Д. Болинджер, назвавший такие явления общим термином континуум, показал, что континуум может быть двух родов: недифференцированный, в котором явления, составляющие континуум, однородны, и дифференцированный, или градуальный, ступенчатый19. Если какое-либо грамматическое явление представляет собой континуум, но при этом в языке имеется сопоставимое с ним явление без континуума, расчлененное и разнооформленное, то континуум благодаря этому сопоставлению "принудительно расчленяется", происходит его принудительная категоризация. Для говорящего в таком случае имеет место принудительное обобщение двух разных категорий, а для слушающего принудительный выбор для дизъюнктивного расчленения обобщенного значения. Один из видов такого синкретизма - совпадение разных категориальных значений в одной форме (омонимия): русск. вин. п. муж. р. = род. п. муж. р. в рамках категории одушевленности. Другой тип синкретизма - сочетание нескольких разных категориальных значений в одной форме (полисемия): латинск. -оrит как показатель муж. р. мн. ч. род. п.; аналогично во многих случаях в русском языке. Наконец, явление недискретности раскрывается также в особом типе синкретизма - в проблеме отношения класса как множества и класса как целого. Л. Ельмслев писал:

Поскольку парадигма рассматривается не просто как сумма членов (класс как множество в терминологии Рассела), но как что-то отличное от своих членов (класс как целое), постольку она представляется разрешимым синкретизмом своих членов; путем разрешения синкретизма класс как целое превращается в класс как множество20.

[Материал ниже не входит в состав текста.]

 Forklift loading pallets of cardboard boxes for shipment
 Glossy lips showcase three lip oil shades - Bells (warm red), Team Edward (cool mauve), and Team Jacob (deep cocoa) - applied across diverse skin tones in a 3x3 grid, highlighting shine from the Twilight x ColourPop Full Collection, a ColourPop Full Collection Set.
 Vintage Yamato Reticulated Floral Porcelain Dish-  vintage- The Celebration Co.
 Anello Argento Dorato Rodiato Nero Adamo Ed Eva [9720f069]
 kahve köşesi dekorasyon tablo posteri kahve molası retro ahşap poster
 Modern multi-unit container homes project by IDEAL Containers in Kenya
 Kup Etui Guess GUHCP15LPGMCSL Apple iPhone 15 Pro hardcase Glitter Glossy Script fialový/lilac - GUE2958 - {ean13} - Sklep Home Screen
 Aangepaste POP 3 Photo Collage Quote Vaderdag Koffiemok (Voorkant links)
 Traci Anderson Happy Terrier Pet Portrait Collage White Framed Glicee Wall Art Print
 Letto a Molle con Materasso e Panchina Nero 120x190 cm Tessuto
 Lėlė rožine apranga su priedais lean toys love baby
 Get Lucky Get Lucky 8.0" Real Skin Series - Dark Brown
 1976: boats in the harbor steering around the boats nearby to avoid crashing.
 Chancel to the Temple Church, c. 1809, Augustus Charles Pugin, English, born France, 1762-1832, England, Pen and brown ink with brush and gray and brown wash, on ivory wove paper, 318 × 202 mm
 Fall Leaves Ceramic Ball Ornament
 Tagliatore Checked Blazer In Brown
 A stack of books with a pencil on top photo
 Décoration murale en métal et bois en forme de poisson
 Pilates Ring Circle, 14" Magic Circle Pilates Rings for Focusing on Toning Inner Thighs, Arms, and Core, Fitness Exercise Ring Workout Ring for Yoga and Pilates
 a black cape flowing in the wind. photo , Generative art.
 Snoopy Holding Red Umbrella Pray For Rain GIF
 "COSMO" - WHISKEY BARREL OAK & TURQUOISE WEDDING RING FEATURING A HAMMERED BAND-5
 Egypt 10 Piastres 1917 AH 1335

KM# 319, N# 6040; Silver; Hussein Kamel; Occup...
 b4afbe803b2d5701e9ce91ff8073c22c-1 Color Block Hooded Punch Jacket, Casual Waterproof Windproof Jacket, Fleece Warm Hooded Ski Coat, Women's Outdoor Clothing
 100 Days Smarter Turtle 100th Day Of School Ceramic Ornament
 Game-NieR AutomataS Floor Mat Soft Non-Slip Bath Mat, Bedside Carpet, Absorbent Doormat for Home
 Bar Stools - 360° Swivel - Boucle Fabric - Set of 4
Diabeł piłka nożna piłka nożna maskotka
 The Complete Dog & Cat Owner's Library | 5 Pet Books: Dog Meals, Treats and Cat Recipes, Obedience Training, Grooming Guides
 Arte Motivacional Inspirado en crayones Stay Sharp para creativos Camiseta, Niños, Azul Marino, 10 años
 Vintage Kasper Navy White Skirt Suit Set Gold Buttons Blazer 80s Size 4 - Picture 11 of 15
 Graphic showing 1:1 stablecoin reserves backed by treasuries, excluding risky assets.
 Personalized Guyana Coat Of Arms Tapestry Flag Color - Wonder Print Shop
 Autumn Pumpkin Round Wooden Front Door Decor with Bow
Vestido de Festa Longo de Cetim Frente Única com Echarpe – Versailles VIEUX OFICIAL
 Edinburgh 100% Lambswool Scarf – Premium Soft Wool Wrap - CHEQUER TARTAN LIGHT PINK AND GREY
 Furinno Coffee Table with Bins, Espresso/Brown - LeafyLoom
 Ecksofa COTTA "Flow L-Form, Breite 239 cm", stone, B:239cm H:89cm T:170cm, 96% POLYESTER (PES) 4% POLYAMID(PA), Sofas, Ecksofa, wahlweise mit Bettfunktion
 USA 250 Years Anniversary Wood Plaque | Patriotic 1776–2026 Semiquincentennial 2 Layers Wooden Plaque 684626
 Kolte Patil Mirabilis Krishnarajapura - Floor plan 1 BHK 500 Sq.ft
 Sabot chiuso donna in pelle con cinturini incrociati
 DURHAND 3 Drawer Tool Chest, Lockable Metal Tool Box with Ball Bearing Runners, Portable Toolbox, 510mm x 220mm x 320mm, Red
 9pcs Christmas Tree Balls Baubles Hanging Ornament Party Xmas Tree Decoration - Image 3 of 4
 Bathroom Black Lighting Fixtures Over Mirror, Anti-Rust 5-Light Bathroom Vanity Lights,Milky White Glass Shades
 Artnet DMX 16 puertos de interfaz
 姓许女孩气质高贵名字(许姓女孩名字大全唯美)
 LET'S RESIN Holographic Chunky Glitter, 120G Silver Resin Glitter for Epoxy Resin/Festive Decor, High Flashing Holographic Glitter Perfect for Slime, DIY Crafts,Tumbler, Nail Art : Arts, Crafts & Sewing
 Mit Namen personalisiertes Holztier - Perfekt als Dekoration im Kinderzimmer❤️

Согласно концепции Ельмслева, система языка есть чистая абстракция, целостная и замкнутая в себе структура (схема отношений, зависимостей, или "функций"). В языке решающую роль играют только сами эти отношения. Отдельные его элементы - это лишь точки или линии пересечения различных отношений, своеобразные "пучки функций". То, что они неодинаково реализуются в различных языках или в процессе исторического развития одного и того же языка как со стороны значения, так и по способу реализации, в конечном счете безразлично для языковой системы в целом. Поэтому изучение языка должно быть исключительно синхронным (точнее, не связанным никакими временными ограничениями) и может строиться только на внутренней функциональной основе.

Хотя внутриструктурные отношения составляют существенный аспект характеристики языка как системы, тем не менее такой подход к его изучению, когда, как у Ельмслева, принимаются во внимание одни лишь внутриструктурные отношения, вынужденно изолирует теорию от чрезвычайно плодотворного допущения о том, что система языка не является замкнутой, а находится в тесном взаимодействии с внешней ему действительностью. Это взаимодействие, обусловленное целевым назначением языка (его проекцией на мир), несомненно, влияет на структурную организацию языковой системы, а также на "поведение" в рамках системы отдельных составляющих ее элементов.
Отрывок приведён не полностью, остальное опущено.